Monday, November 4, 2013

Schlafly provides a template for ENDA opposition

Phyllis and Fred would make such a lovely couple
Phyllis Schlafly's Eagle Forum offers a talking point summary for Christian opposition to ENDA. In part:
Under the guise of equality, ENDA creates special rights for homosexual and transgendered individuals and will forbid employers from considering the consequences of this behavior in the workplace. Employers are already being trampled and crushed by a wide variety of federal, state, and local laws and regulations which constrain the way they run their businesses or organizations.
First of all, this is about equality. There is no "guise" which implies a sinister agenda. Also, it is "transgender," not "transgendered." Moreover, this conflates sexual identity and sexual orientation with behavior. Schlafly has a gay son (John) and knows better. What behaviors do LGBT employees demonstrate in the workplace that are different from heterosexual employees?
ENDA is particularly concerning because of the ambiguous and broad implications of the bill. It opens employers up to numerous claims of discrimination based on identities that are subjective, self-disclosed, and self-defined unlike race or gender. Employers should not be subject to lawsuits because they are taking into account the behavior of their employees.
This is just nonsense. Even if sexual orientation and sexual identity were “subjective, self-disclosed, and self-defined” – and they are not – where is the evidence of frivolous litigation in states that have similar laws?

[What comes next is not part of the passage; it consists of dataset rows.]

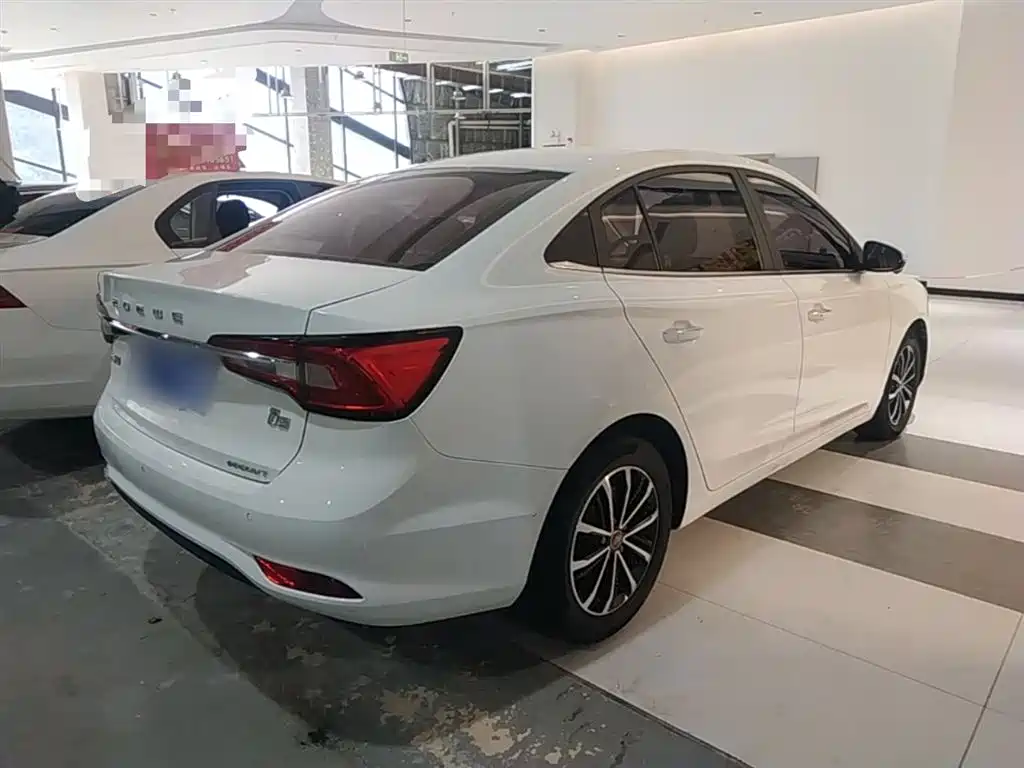 Roewe i5 1.5 L Auto 4 G Connected Leading Luxury Flagship
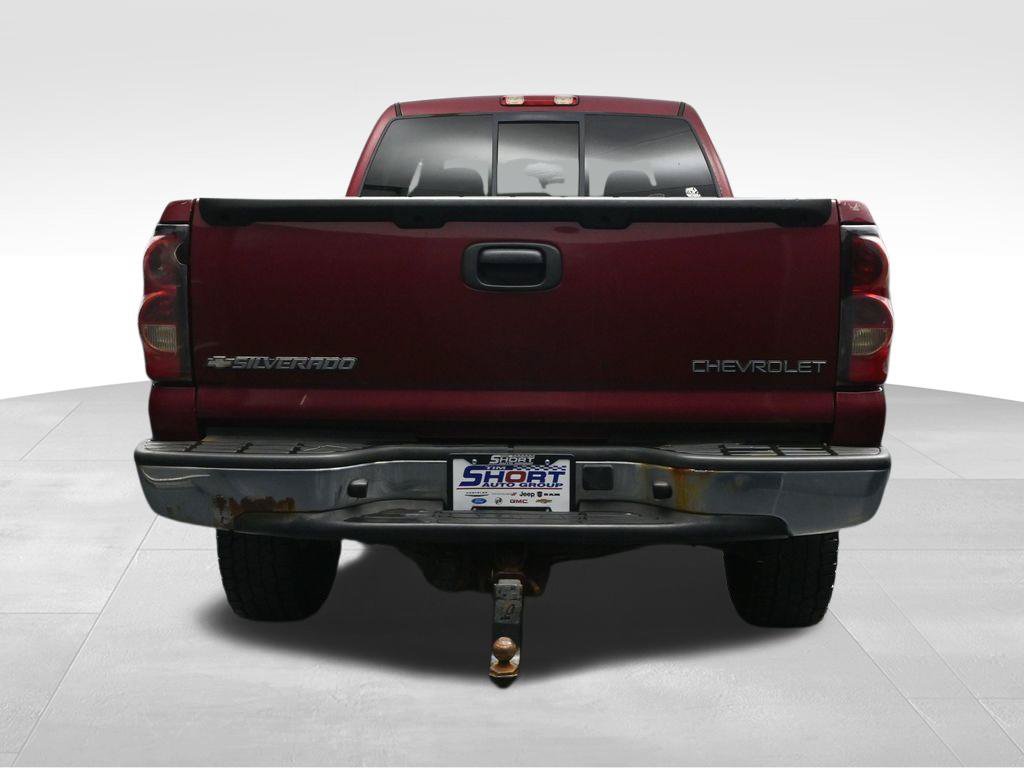 Used 2005 Chevrolet Silverado 2500 LS AWD/4WD image 4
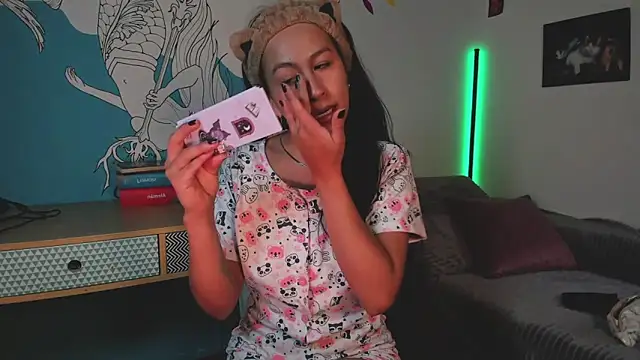 EmiGomez  online show from February 2026 12:09:02 PM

The similarity to some of John Boehner's rhetoric is no coincidence. This material starts as bullet points authored by Ryan T. Anderson for the Heritage Foundation. The same arguments, no matter how absurd, will be repeated over and over again by different spokespeople.
Furthermore, ENDA violates the right of employers, who object to homosexual or transgender behavior for religious reasons, to operate their businesses or organizations according to the dictates of their faith.
They might also think, for religious reasons, that Jews and Muslims are going to Hell and that women belong in the home to serve their husbands. Nevertheless, federal law prohibits discrimination on the basis of religion and gender.

As a society we have already accepted the doctrine that religious belief is not a license to discriminate. Applying that principle to LGBT citizens is long overdue.